Liverpool Sound and Vision Rating * * * *
Cast: Neil Dudgeon, Nick Hendrix, Fiona Dolman, Annette Badland, Louise Jameson, Maimie McCoy, Mark Williams, Siobhan Redmond, Poppy Gilbert, Mollie Harris, Ferdinand Kingsley, Kojo Attah, Brian Bovell, Lee Byford, Kadell Herida, Ruth Horrocks, Sinead Matthews, Mat McCooey.
Every village has its myth, its local legend, and if doesn’t then it should take a leaf out of the playbook of the long running and popular series, Midsomer Murders.
Some might say that if the quaint British village has nothing to offer the visitors that may pass by on the road, then in today’s celebrity and personality driven world they may as well close shop and be doomed to the annals of history, even if they have to invent and contrive a legend, then surely people will travel there just to say they have experienced the ghoulish delight on offer.
Tradition though persists, and so it is to the ritual and institution of Inspector Barnaby and the officers of Midsomer Constabulary that The Wolf Hunter of Little Worthy gains its notoriety, and once more it is to the secrets of the past that hunt down the villagers in such a way that leaves its mark on the viewer.
Originality in the pursuit of murder has always been the selling point of Midsomer Murders, the mark of death always finding a new way to be delivered, and whilst the reasons for the killing may overlap, depending on the rage and anger felt by the one who feels it is their mission to restore balance around them by exacting revenge, it is the subject of delivery which has created its own mythos surrounding the much-loved British detective drama.
The Wolf Hunter of Little Worthy is no different, the cause of the offence may be shrouded in the coldness of human experience, but it is the mode in which the murders are exacted which gives this instalment of habitual murder its gruesome and appealing presentation.

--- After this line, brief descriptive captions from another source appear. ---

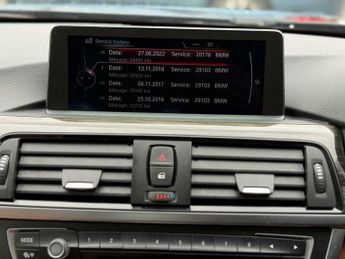 BMW 3 SERIES 2.0 320i Luxury Saloon 4dr Petrol Auto Euro 6 (s/s) (184 ps)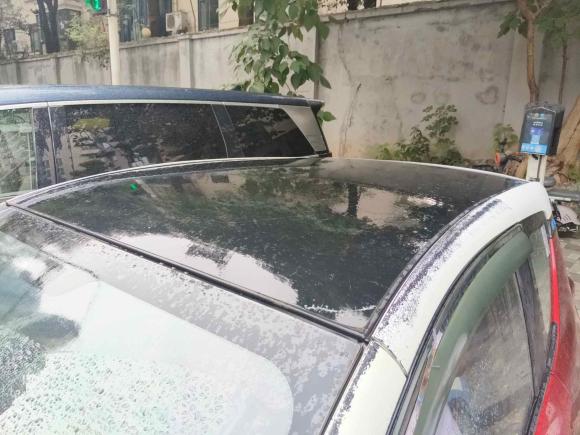 [武汉·鄂A] 二手奇瑞新能源小蚂蚁2018款 300 4座智享版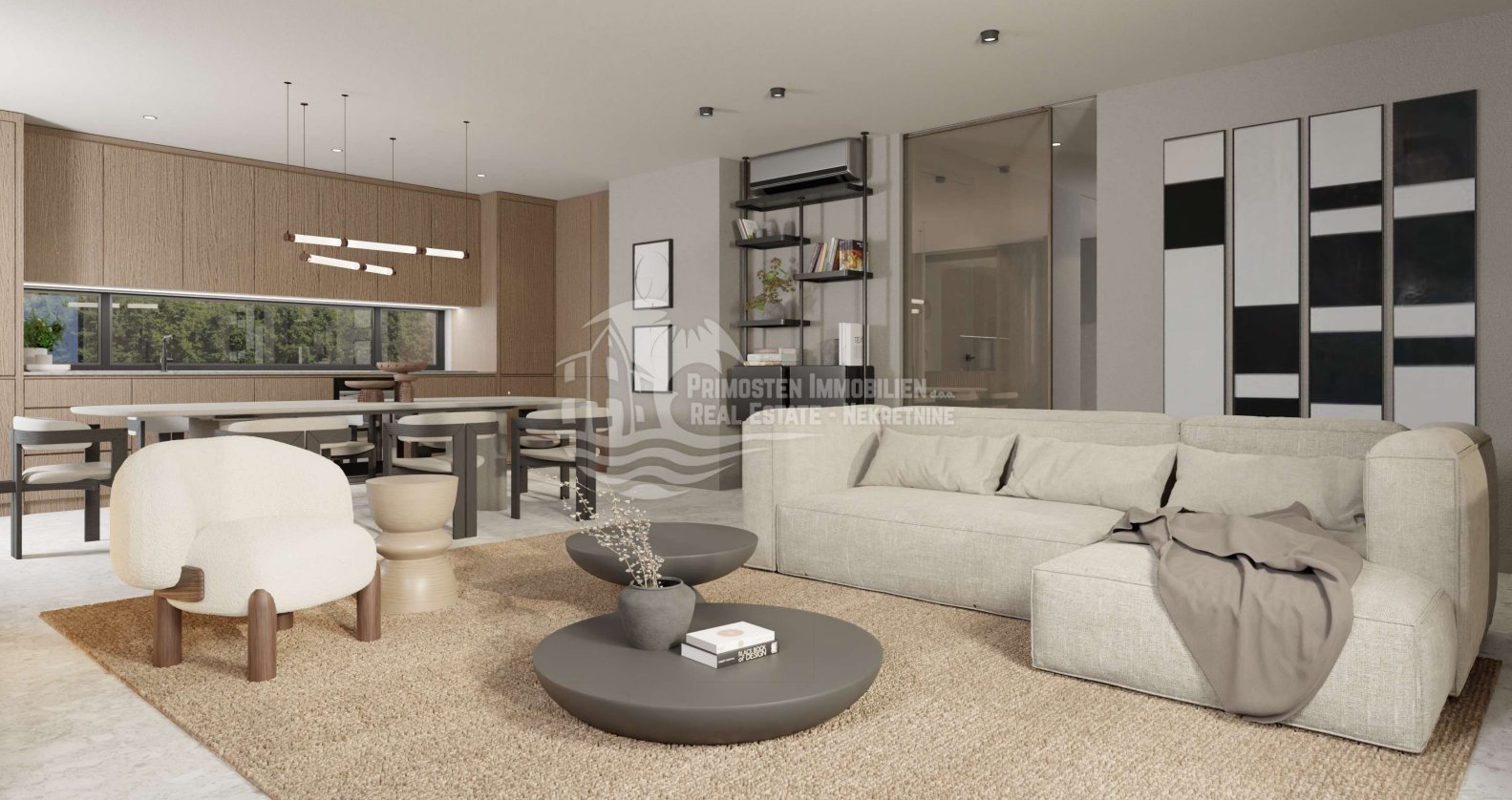 Apartment Zu verkaufen - Šibensko-kninska Primošten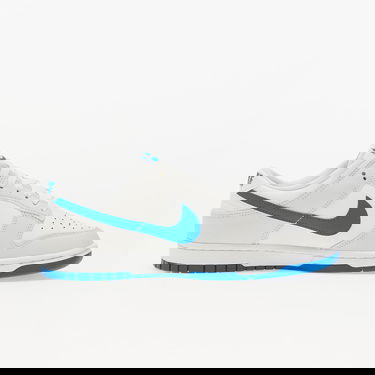 Кецове и обувки Nike DUNK LOW RETRO, SUMMIT WHITE/PHOTON DUST-MTLC BRONZE Синьо | DV0831-108, 1
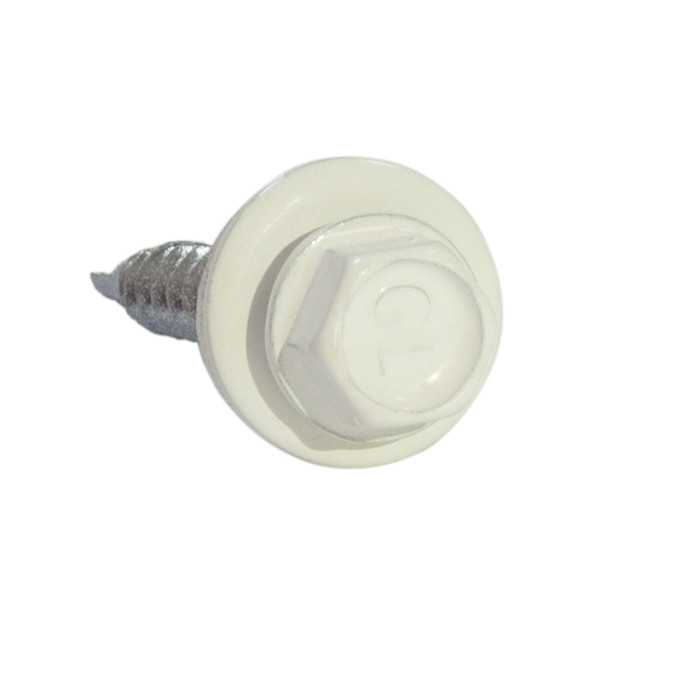 Саморезы 4,8х29 RAL 9003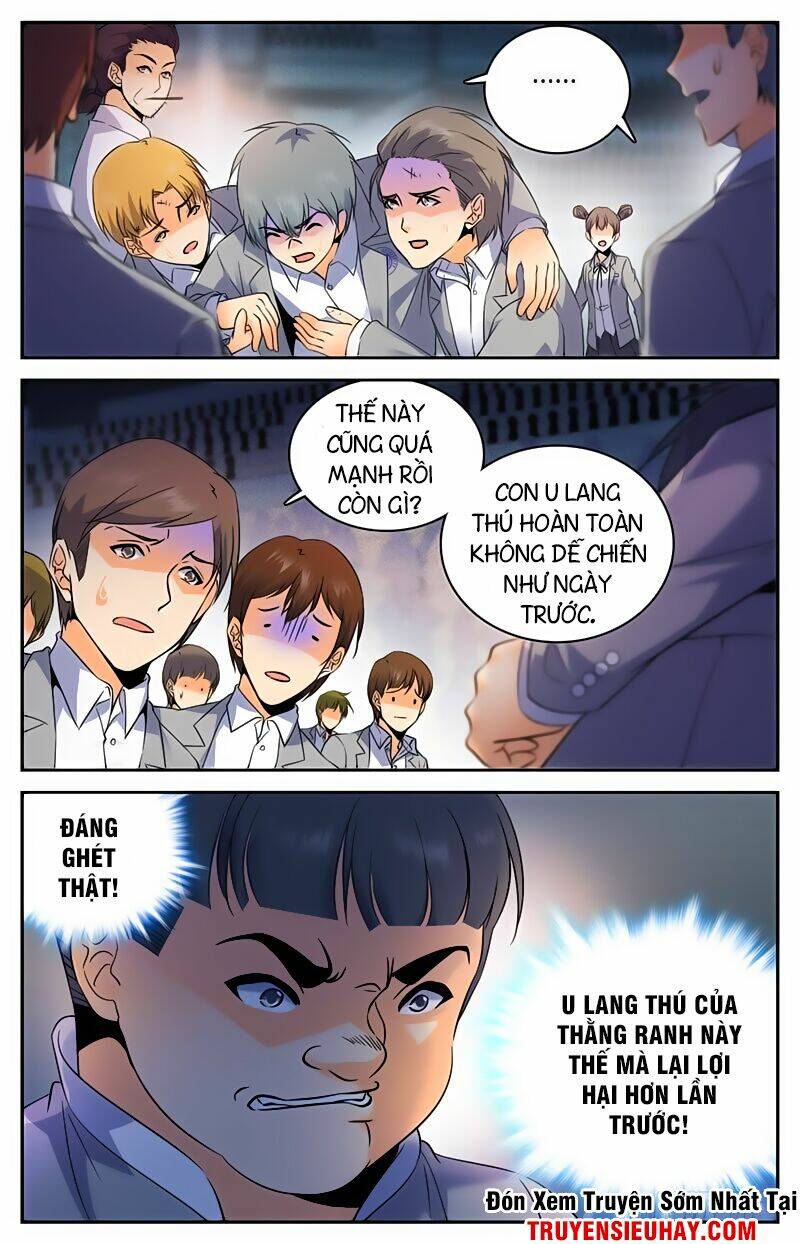 Toàn Chức Pháp Sư Chapter 148 - Trang 2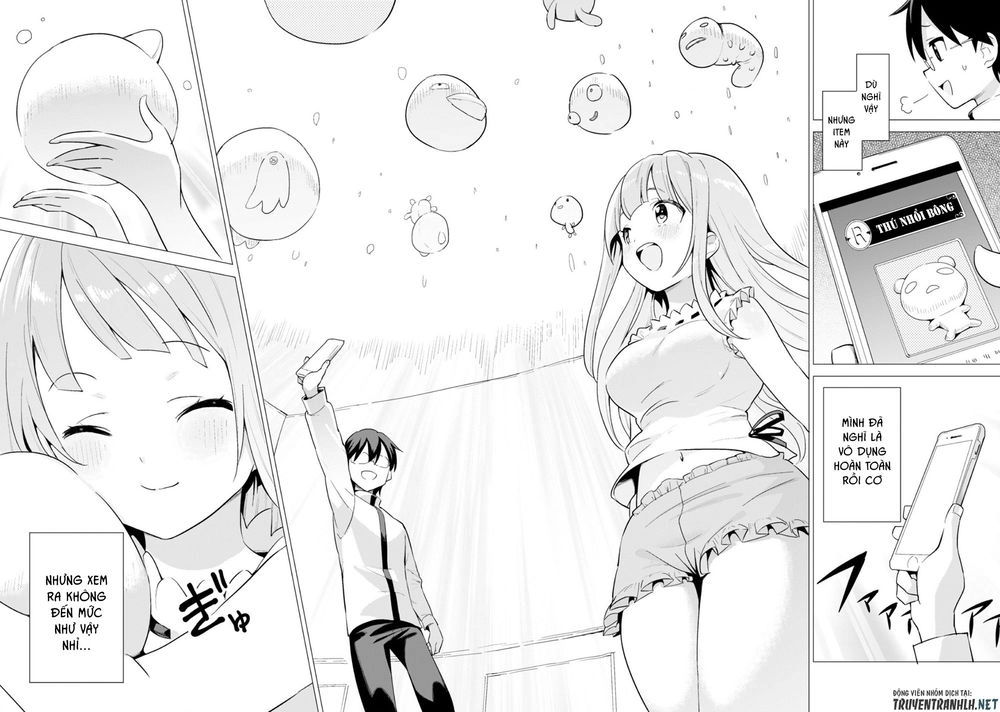 Gacha Wo Mawashite Nakama Wo Fuyasu Saikyou No Bishoujo Gundan Wo Tsukuriagero Chapter 15 - 28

The legend of the wolf hunter owes in part to the phenomenon of the abandoned child that has engrained itself into literature and historical folk lore for generations, and it is one that the episode hangs itself upon for inspection with ease. After all there is something that still gets underneath the bare skin of any human when they hear the mournful cry of the wolf, the beast that is no longer native to this land, somehow still able to strike fear into the heart of anyone wanting to walk the woods at midnight.
Whilst it may be bad form to describe any episode of the programme as entertaining, The Wolf Hunter of Little Worthy errs splendidly to that end, one of high mischief in the cautionary tale, and even in the reveal there is much to sympathise with the plight of the families affected by the price of progress and the damage of outdated belief.
An episode that highlights just how good Midsomer Murders can be when it allows itself to veer slightly off the beaten track, The Wolf Hunter of Little Worthy taps into the psychology of many an issue of human relationships with nature and the effect of loss.